Ma de Schoutheete non si occupa di queste cose. E la limitatezza della sua percezione storica dei fenomeni rende ragione della povertà dell’analisi relativa alle prospettive. Onestamente de Schoutheete ammette che «sulle attuali basi la cooperazione politica non può produrre una politica estera comune dei Nove. Essa può produrre, in certi casi determinati e dopo una procedura lenta, posizioni comuni, che sono elementi, parziali e frammentari, di una politica comune». I Nove in sostanza «reagiscono più che agire». D’altra parte, «la cooperazione politica è continuata nel puro pragmatismo.
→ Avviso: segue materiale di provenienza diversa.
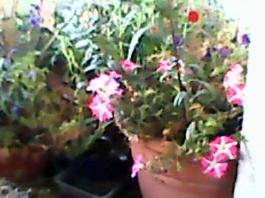 herbherbPLUZZ_P5290217A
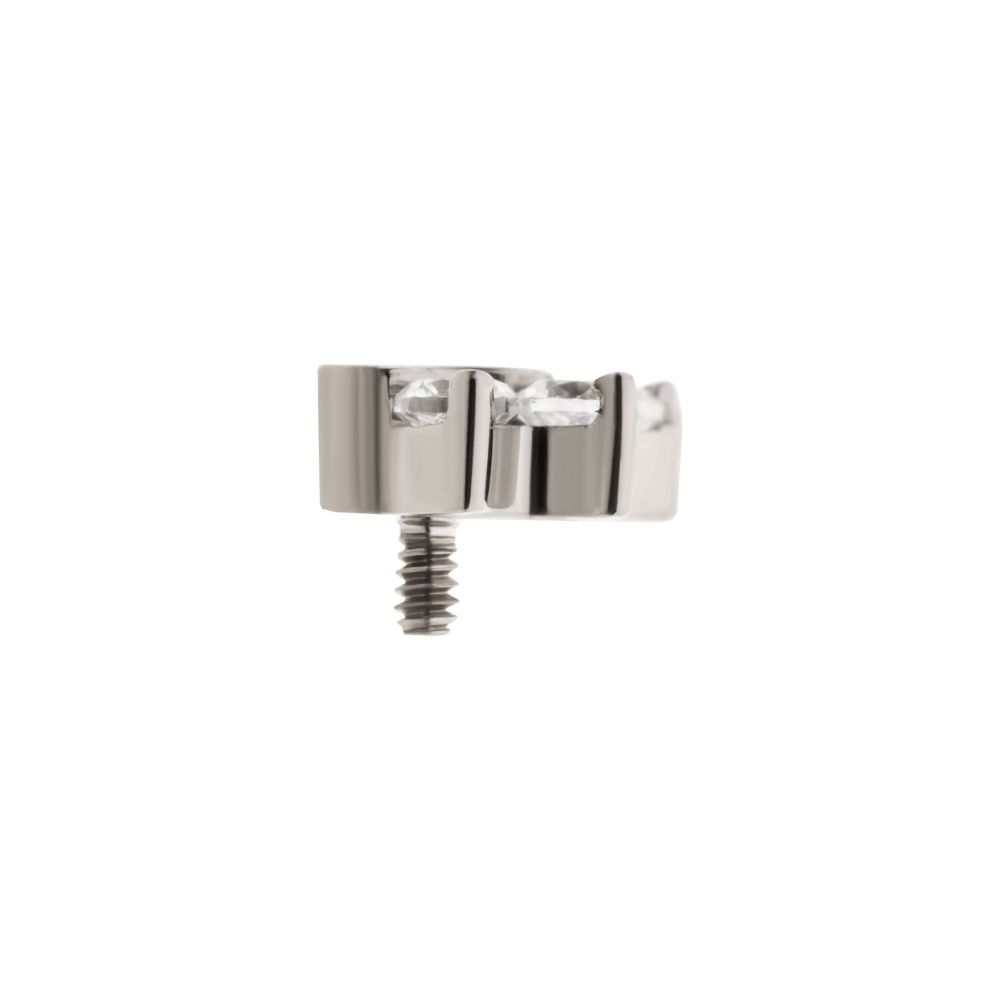 Titanium Internally Threaded with Opal/CZ 4-Cluster Paw Top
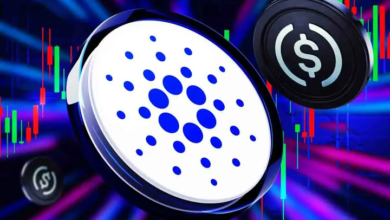 ADA Price USD Today: What’s Driving the Market Move?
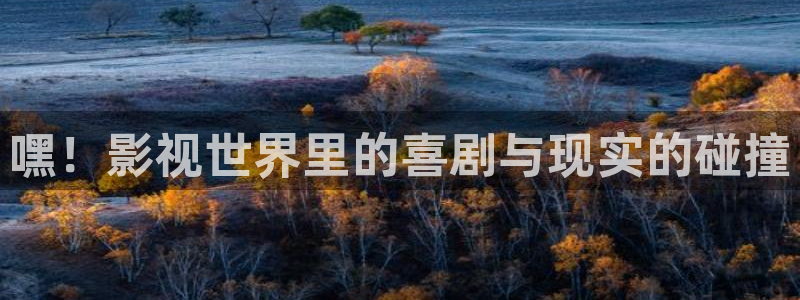 播播影院在线：嘿！影视世界里的喜剧与现实的碰撞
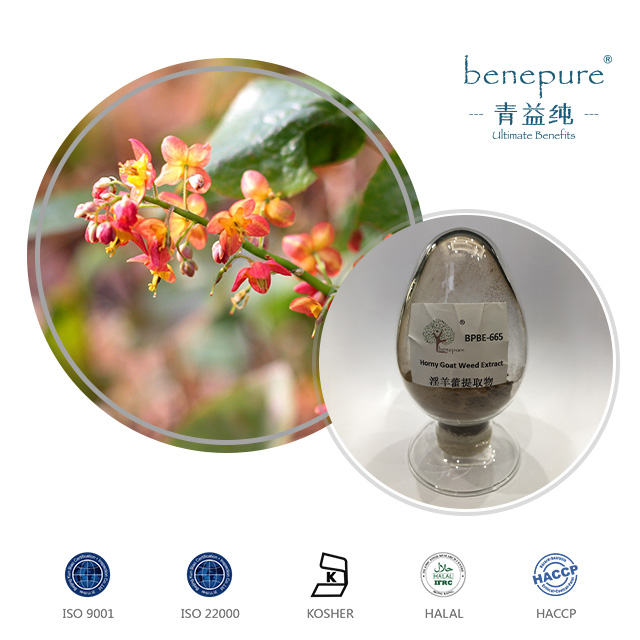 Epimedium Brm(Horny Goat Weed ) Extract  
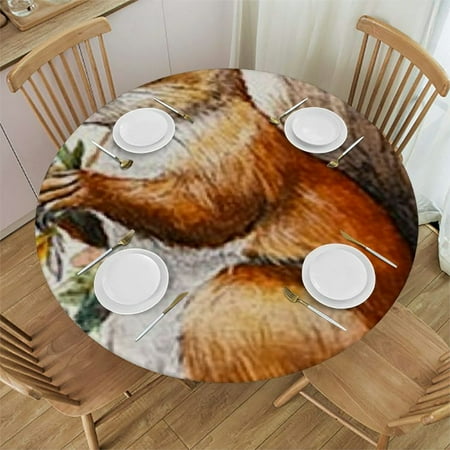 Patifu Squirrel Flowers Leaves Round Tablecloth 100% Polyester Stain-Resistant Home Kitchen Parties Holiday Dinner Tablecloths 54 -58
Patifu Squirrel Flowers Leaves Round Tablecloth 100% Polyester Stain-Resistant Home Kitchen Parties Holiday Dinner Tablecloths 54 -58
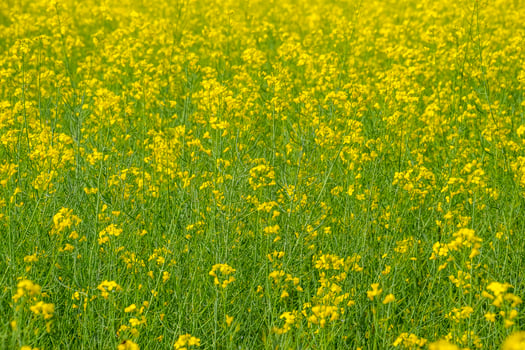 Rapeseed field. Background of rape blossoms. Flowering rape on the field. photo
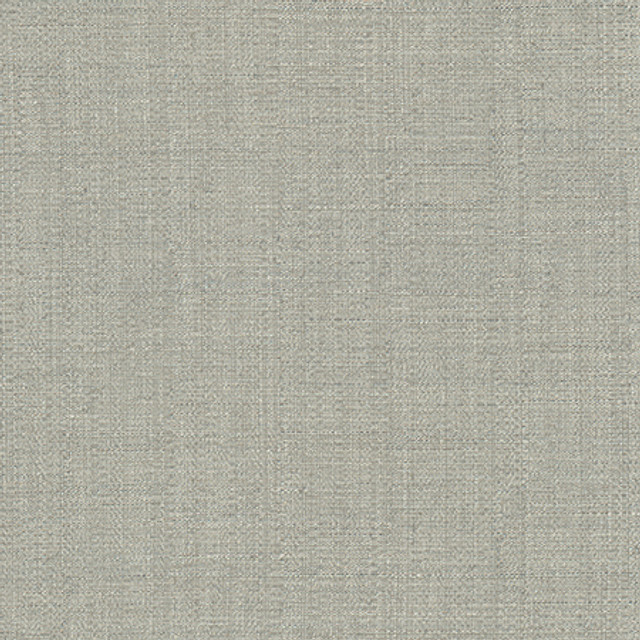 Cortland Dove by Carole Designer Fabric Gala 100% Polyester India 30,000 WYZENBEEK DOUBLE RUBS None 54.75" - Swanky Fabrics -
E ci si può domandare se i Nove sono ancora oggi (cioè nell’anno del voto europeo!) d’accordo tra loro sugli obiettivi dell’esercizio al quale si dedicano insieme da dieci anni». Né bisogna dimenticare che «la cooperazione politica costituisce per i Nove un’istanza privilegiata ma non esclusiva».
Tutto ciò porta de Schoutheete a una proposta operativa: «un nuovo passo avanti nel campo della cooperazione politica implicherebbe una sensibile modifica dei meccanismi attuali e senza dubbio la creazione di un leggero apparato amministrativo che possa sostenere l’azione della Presidenza». L’elezione diretta del Parlamento europeo dispiega così tutta la sua forza dirompente: quella di far scoprire a de Schoutheete l’importanza della proposta gaulliana (1961) di un segretariato politico!
Ma questa affascinante conferenza riserva ancora, nelle righe conclusive, qualche sorpresa: «Queste considerazioni dimostrano che un progresso qualitativo nel campo della cooperazione politica porrebbe importanti problemi politici, che toccano la sensibilità nazionale degli uni e degli altri. Quindi è molto più probabile che la cooperazione politica continuerà nei canali esistenti con miglioramenti di dettaglio, ed accettando evidentemente i limiti che il sistema attuale comporta. Può darsi che la lenta maturazione degli spiriti, o un giorno, una circostanza esterna particolarmente pressante, permetterà a termine di passare ad un sistema più ambizioso, e quindi anche più vincolante. Nell’attesa, i Nove non hanno motivo d’essere scontenti di ciò che banno realizzato fino ad ora».
Pessimismo o ottimismo, dunque? C’è un passo della conferenza che provvede forse una chiave anche per questo problema: «In tutto i Nove hanno un centinaio di riunioni all’anno e scambiano 5.000 telegrammi per sforzarsi di coordinare le politiche estere. Senza dubbio si tratta dello sforzo più completo e più sistematico che sia stato intrapreso in questo senso da Stati sovrani».
Sursum corda! Quando passeremo a duecento riunioni e diecimila telegrammi gli europei avranno forse una comune politica estera!
 
Luigi Vittorio Majocchi
(ottobre 1979)


[1]Cfr. Europa documenti, n. 1061, 3 luglio 1979.